India, and Pakistan's Control Problems

The Pakistani civilian government is weak. It has the support of most people, but not the support of many of Pakistan's hardline military forces, and not the peace with militants in its country that it has hoped to gain. It would surely like ot have the overwhelming force to deal with its militants, but it doesn't.

One of these reasons is India. Pakistan and India have been enemies since 1947, during the first of three wars of Independence. They have quarreled over Kashmir for decades, and a ceasefire was enacted in 2003. Nonetheless, each side has had to keep large military forces on their borders, more concerned with each other than the movements of potential militants through the sparsely-populated region.

This has escalated the India problem. Bombs in Bangalore and Ahmedabad are being blamed on Pakistani militant groups, and unexploded bombs were found in Surat of similar type. If more bombs begin to rip through Indian cities, the Indian government will face growing pressures and mandates to act--but the problem lies within Pakistan's borders.

A bomb in Kabul's Indian Embassy is being blamed on the Pakistani Intelligence Service--indicating that the Pakistani government still does not have control of its military.

Furthermore, and most worryingly for the Pakistani civilian government: A twelve-hour gun battle between Indian and Pakistani troops erupted along the Line of Control in Kashmir. A few men died on each side, and it seems relatively small, in comparison to many of the other issues surrounding Pakistan, but hard-line elements in Pakistan may take this as a sign that they need to launch attacks. All this is sign to the Indians that they must beef up their border security even more--which means even more troops that could be used in counter-terror missions in Pakistan must be used to defend from India. A security spiral is forming--each side, seeing a threat in border instability, is arming itself, and in doing so, making the other side less secure.

But Pakistan has more problems from India than simply a forced shift in military resources. India is now starting to face some of the dilemma that Afghanistan has faced--if it leaves Pakistan alone, it will continue to be attacked by militants (or in India's case, even Pakistani regulars) from inside Pakistan's borders. If the Pakistani civilian military cannot control its own military, on top of not being able to stop militants, then diplomacy becomes useless. No amount of agreement with a head of state can fix a problem that he has no control over. And militants and hard-line military units don't care for diplomacy, they quite like the situation they have now.

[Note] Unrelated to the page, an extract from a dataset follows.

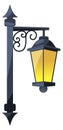 Cartoon outdoor lamp. Old city street light Royalty Free Stock Photo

If Pakistani-caused problems in India and Afghanistan persist, it will be very tempting for Singh and Karzai to be convinced by the Bush administration that the best option will be to send troops into Pakistan to deal. More interestingly, the weak civilian government still has a pro-Bush wild card in their midst--if the Bush administration tells Musharraf that his only chance at not losing power is to rally troops loyal to him in a NATO/Indian/Afghan alliance to drive out anyone standing between the alliance and the end of Pakistani militants, then war in Pakistan would look like the best option.

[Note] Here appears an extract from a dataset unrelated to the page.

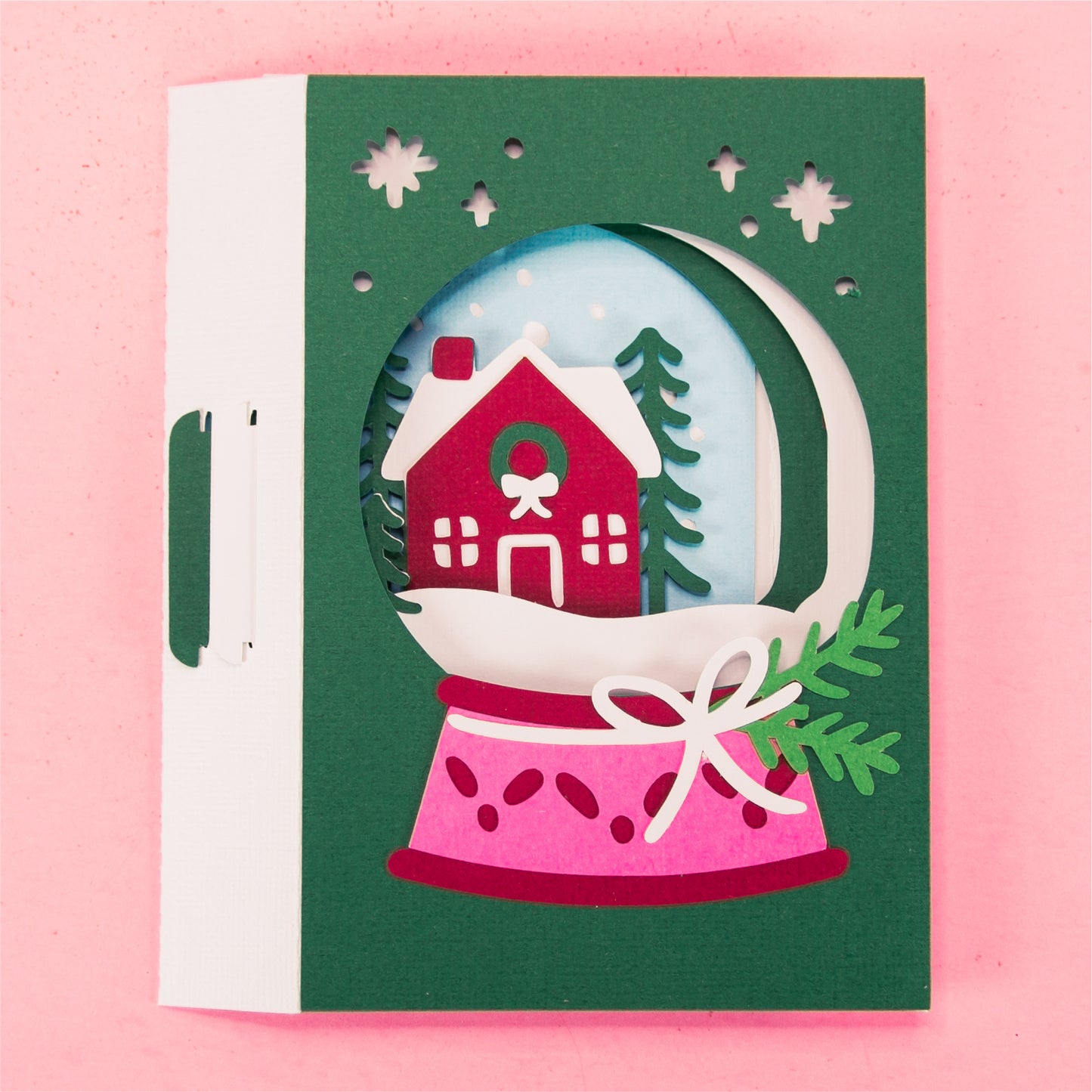 Holiday Snowglobe Card - 3D Christmas Card SVG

Nobody is rattling too many sabres. But when sabres are being rattled, it's a warning. Who is there to warn in Pakistan? Would threat of invasion make the hard-liners and militants any less aggressive? Certainly not. Would it give the weak civilian government more power to act? No. It would only warn them that such an invasion might be coming, which can do nothing but make that possible invasion harder--it cannot be used as a diplomatic chip.

That is the most frustrating realization in Pakistan, and maybe the reason Gilani was willing to visit Bush in DC--because he knew that he had no choice but to show he had some sort of control over his country, or else the largest military alliance in the world might decide that dealing with him is a complete waste of time. Nobody is seriously considering invasion yet, but the conditions are becoming such that the Global War on Terror coalition may have no other good options left. And if this invasion does happen, it will be the first ever invasion of an openly nuclear state. NATO uncertainty over whose finger is on the nuclear trigger in Pakistan may be the only thing between Gilani and a nightmare.